Group by `root_span_id` to collapse all spans in a trace. Use `any_value()` to surface root-span metadata fields within that group.

```sql theme={"theme":{"light":"github-light","dark":"github-dark-dimmed"}}
SELECT
  any_value(metadata.user_id)   AS user,
  any_value(metadata.model)     AS model,
  SUM(metrics.prompt_tokens)    AS prompt_tokens,
  SUM(metrics.completion_tokens) AS completion_tokens,
  SUM(estimated_cost())         AS total_cost
FROM project_logs('<project-id>', shape => 'traces')
WHERE created >= NOW() - INTERVAL 7 DAY
GROUP BY root_span_id
```

### Step 3: Wrap with outer query (group by user or model)

```sql theme={"theme":{"light":"github-light","dark":"github-dark-dimmed"}}
SELECT
  user,
  model,
  SUM(prompt_tokens)    AS total_prompt_tokens,
  SUM(completion_tokens) AS total_completion_tokens,
  SUM(total_cost)       AS total_cost
FROM (
  SELECT
    any_value(metadata.user_id)    AS user,
    any_value(metadata.model)      AS model,
    SUM(metrics.prompt_tokens)     AS prompt_tokens,
    SUM(metrics.completion_tokens) AS completion_tokens,
    SUM(estimated_cost())          AS total_cost
  FROM project_logs('<project-id>', shape => 'traces')
  WHERE created >= NOW() - INTERVAL 7 DAY
  GROUP BY root_span_id
) subq
GROUP BY user, model
ORDER BY total_cost DESC;
```

### Step 4: Use the correct `shape` parameter

| Shape                | Use case                                                                                    |
| -------------------- | ------------------------------------------------------------------------------------------- |
| *(default)*          | One row per span                                                                            |
| `shape => 'traces'`  | All spans returned when any span matches a filter; enables inner GROUP BY on `root_span_id` |
| `shape => 'summary'` | Pre-aggregated trace-level metrics; useful for rollups without a subquery                   |

### Step 5: Use `estimated_cost()` not `metrics.estimated_cost`

`estimated_cost()` is a function that computes cost from token counts and the model registry.
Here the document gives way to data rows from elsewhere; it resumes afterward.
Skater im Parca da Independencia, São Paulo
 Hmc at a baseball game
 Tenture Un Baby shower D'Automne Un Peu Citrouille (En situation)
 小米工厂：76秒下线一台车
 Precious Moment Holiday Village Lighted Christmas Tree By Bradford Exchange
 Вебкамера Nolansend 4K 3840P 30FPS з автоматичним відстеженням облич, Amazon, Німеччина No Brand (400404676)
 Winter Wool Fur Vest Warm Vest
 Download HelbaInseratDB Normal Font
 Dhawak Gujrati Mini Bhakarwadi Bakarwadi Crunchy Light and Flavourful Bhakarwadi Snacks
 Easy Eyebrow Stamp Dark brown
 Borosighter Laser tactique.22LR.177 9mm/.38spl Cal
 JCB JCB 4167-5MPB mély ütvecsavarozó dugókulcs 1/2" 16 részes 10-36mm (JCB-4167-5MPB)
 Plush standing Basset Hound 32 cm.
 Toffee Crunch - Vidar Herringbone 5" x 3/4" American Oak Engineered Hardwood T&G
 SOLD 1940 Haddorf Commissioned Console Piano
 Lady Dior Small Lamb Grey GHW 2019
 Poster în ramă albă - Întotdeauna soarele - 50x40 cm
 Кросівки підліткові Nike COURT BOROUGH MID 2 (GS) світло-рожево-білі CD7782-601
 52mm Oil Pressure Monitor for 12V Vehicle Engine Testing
Use it in span-level queries. Aggregating the pre-computed `metrics.estimated_cost` field at a second level of grouping is a known bug.

```sql theme={"theme":{"light":"github-light","dark":"github-dark-dimmed"}}
SUM(estimated_cost()) AS total_cost  -- correct
SUM(metrics.estimated_cost)          -- may produce incorrect results in outer GROUP BY
```

### Step 6: Add a timestamp filter to avoid timeouts

Queries without a `created` filter scan the full table and will time out on large projects.

```sql theme={"theme":{"light":"github-light","dark":"github-dark-dimmed"}}
WHERE created >= NOW() - INTERVAL 1 DAY  -- start narrow, expand as needed
```

Start with 1 day and widen the window once the query shape is confirmed.

### Step 7: Work around cross-span JOIN limitations

`JOIN`, `UNION`, and subqueries across different `project_logs()` calls are unsupported. Use these alternatives instead:

* **`shape => 'traces'`** — returns all spans in a trace when any span matches; use `any_value()` to pull fields from other span types
* **`shape => 'summary'`** — returns one pre-aggregated row per trace with total token counts and cost

### Step 8: Handle Loop query generation limitations

Loop does not know about `any_value()` or the two-level GROUP BY pattern. For nuanced schemas:

1. Run Loop with a 1-hour window to generate a starting query.
2. Paste the output into the SQL sandbox.
3. Edit by hand — add `any_value()`, the inner/outer GROUP BY, and a tight `created` filter.

Loop output is a starting point and should be verified against known data.